What’s in a Name?
“What's in a name? That which we call a rose by any other name would smell as sweet”. William Shakespeare, Romeo and Juliet.
There are two types of MMO players (actually there aren’t but I’m invoking a figure of speech as an opening gambit for the overall thrust of this post, so there). Those who meander through the character creation screens only to be taken by surprise by the fact that at the end, they now have to provide their avatar with a name of some kind. And then there are those who have a complete dossier compiled in advance, shedding light on the entire back story and life history of their new alt. Naturally, the latter group will already have a name prepared with much love and care. It will be relevant, appropriate and most importantly of all, it will afford them a much greater degree of connection with their in-game character. Because names are an integral part of identity and that is a much bigger aspect of MMO player psychology than some imagine. Would you simply want an index number instead of a character name?
I take a fairly hard line when it comes to character naming in the MMO genre. If a game has specific guidelines to begin with then they should be respected. I’m all for player freedom but an MMO is by its very nature shared space and so that means (or at least should in principle) that other players are due a degree of consideration. So, let us take it as read that inflammatory names, racial abuse, religious trolling and like have no place and should not be tolerated. In a game such a LOTRO, there is a great deal of lore that impacts upon names. The game goes so far as to make suggestions depending on race and region etc, which can be helpful. However, if you simply wish to give your character a generic fantasy sounding name, I don’t have a problem with that. What I do find tedious are the endless permutations of known character names, such as Legolas (in LOTRO) and James T Kirk (in STO). But for me, the greatest sin in naming after this, is giving your character your own name. Is there anything that screams “I have had the capacity to think creatively surgically removed” more than a Hunter running about the major quest hubs named “Colin Peters” or “Jacinda Barrington-Humphries”?

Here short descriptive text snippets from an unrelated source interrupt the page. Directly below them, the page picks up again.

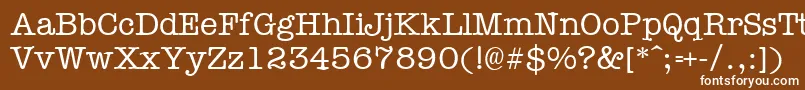 Typewr-fontti – valkoiset fontit ruskealla taustalla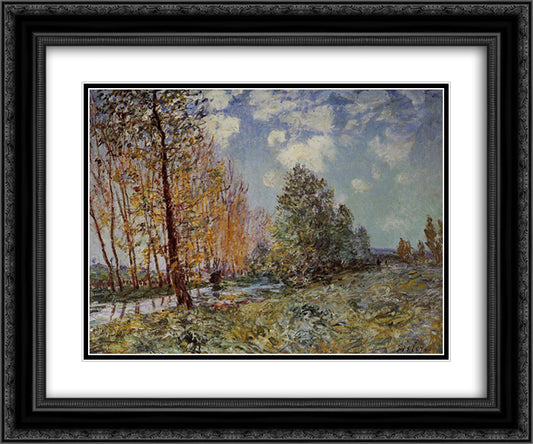 By the River 24x20 Black Ornate Wood Framed Art Print Poster with Double Matting by Sisley, Alfred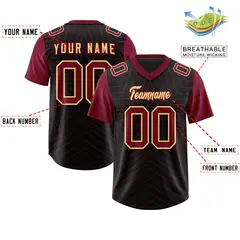 Black Cardinal Star Pattern Raglan Football Jersey 2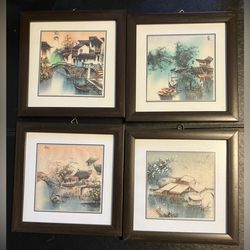 Japanese Watercolor Original Paintings Four Seasons Framed Series Paintings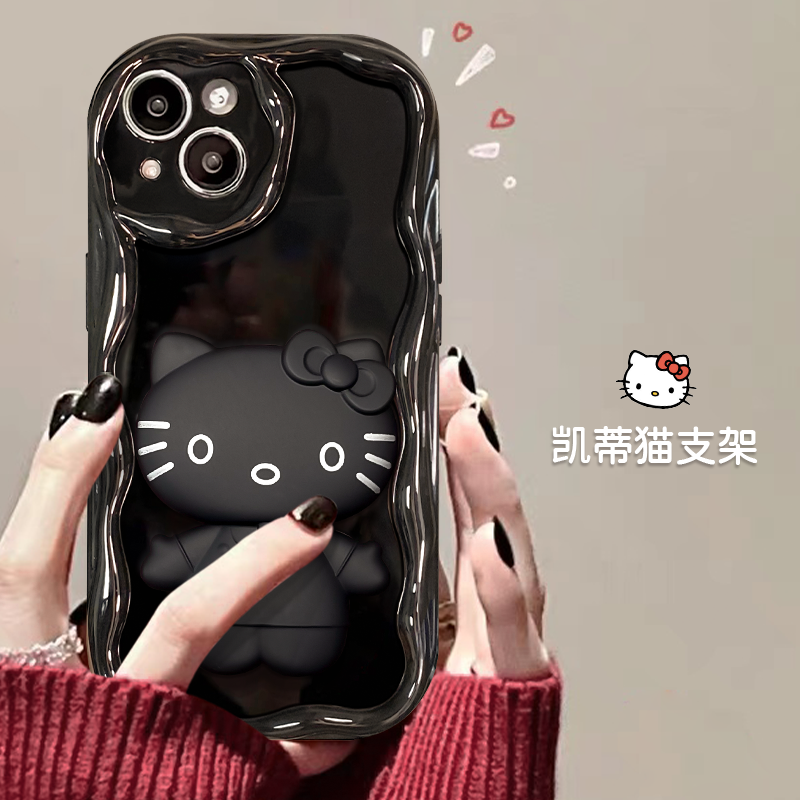 新品上市，奶油纹黑暗猫咪手机壳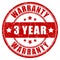 Three year warranty stamp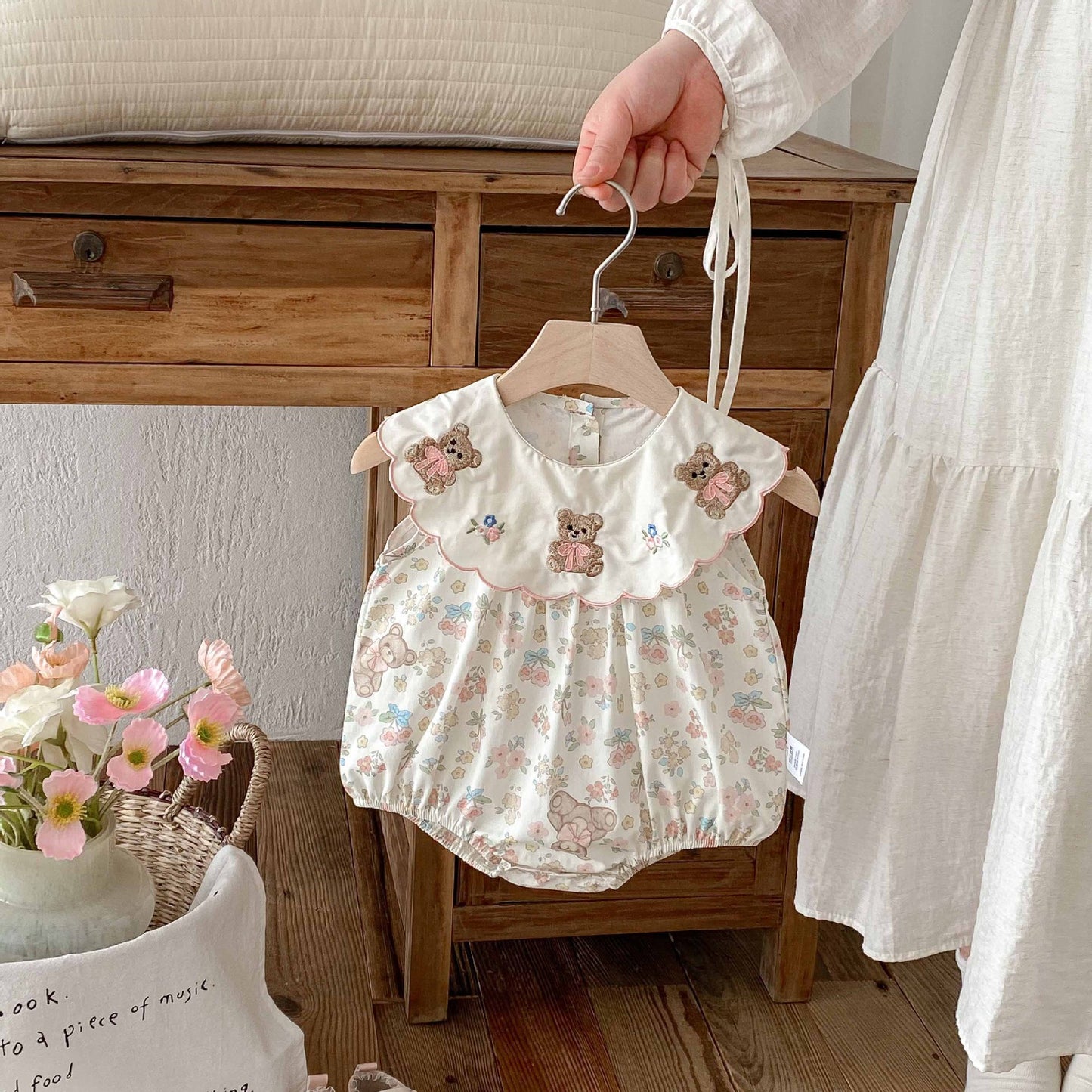 Summer Born Clothes Korean Style Jumpsuit Cute Bear Romper Thin Jumpsuit, Climbing Suit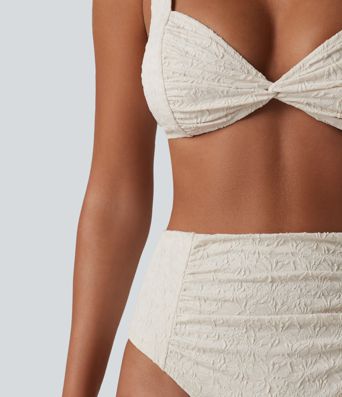 Gerafftes Bikini-Set aus Jacquard-Stoff mit verstellbaren Trägern und Bauchkontrolle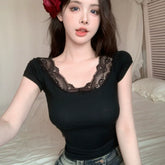 Foreign trade pure desire style spicy girl lace lace lace design sense short sleeved T-shirt summer slim fit temperament pure cotton short top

Now joking aside, not everyone is equally creative, which is why there are plenty of online name generators that can assist you when it comes to the right name. Another strategy if you run multiple alts is to follow a naming convention and use various permutations thereof. This is a useful workaround and certainly is helpful to friends and colleagues who loose track of who is and who isn’t online within the guild. I have used name generators for inspiration in the past. However, I also think it’s important to find a name that suits your character (especially if you’re of a role-playing bent) and that is also user friendly and pronounceable. It’s all very well coming up with a cunning, lore appropriate name for your High Elf window dresser, but if everyone subsequently mangles said name every time you’re on Discord (because you always end up being known to your guild mates by your primary characters name and not your own), it gets very old fast.
One of the things I use to get frustrated with about LOTRO was that it would suggest names, irrespective of whether they had been taken or not. Thus, you’d find a cool name for your shiny new Dwarf Quantity Surveyor only to discover there were already a dozen or so variants already on the server. More recent MMOs have addressed this issue by having an account name that suffixes your chosen name, thus accommodating duplicates. The issues still persists in LOTRO, but I have solved it for myself by not creating any alts. Overall, I think that as character customisation becomes more complex in gaming, then there needs to be scope and support for equally complex naming conventions. I know that jarring, trivial and puerile names can spoil the immersion of some players in MMOs. So why can’t phasing technology be used to remove those that bother us, or at least allow you to rename the offenders from your own perspective? Because it’s clear that despite the various changes and trends that have come and gone in the MMO genre over the last decade, names remain a very important facet of player engagement.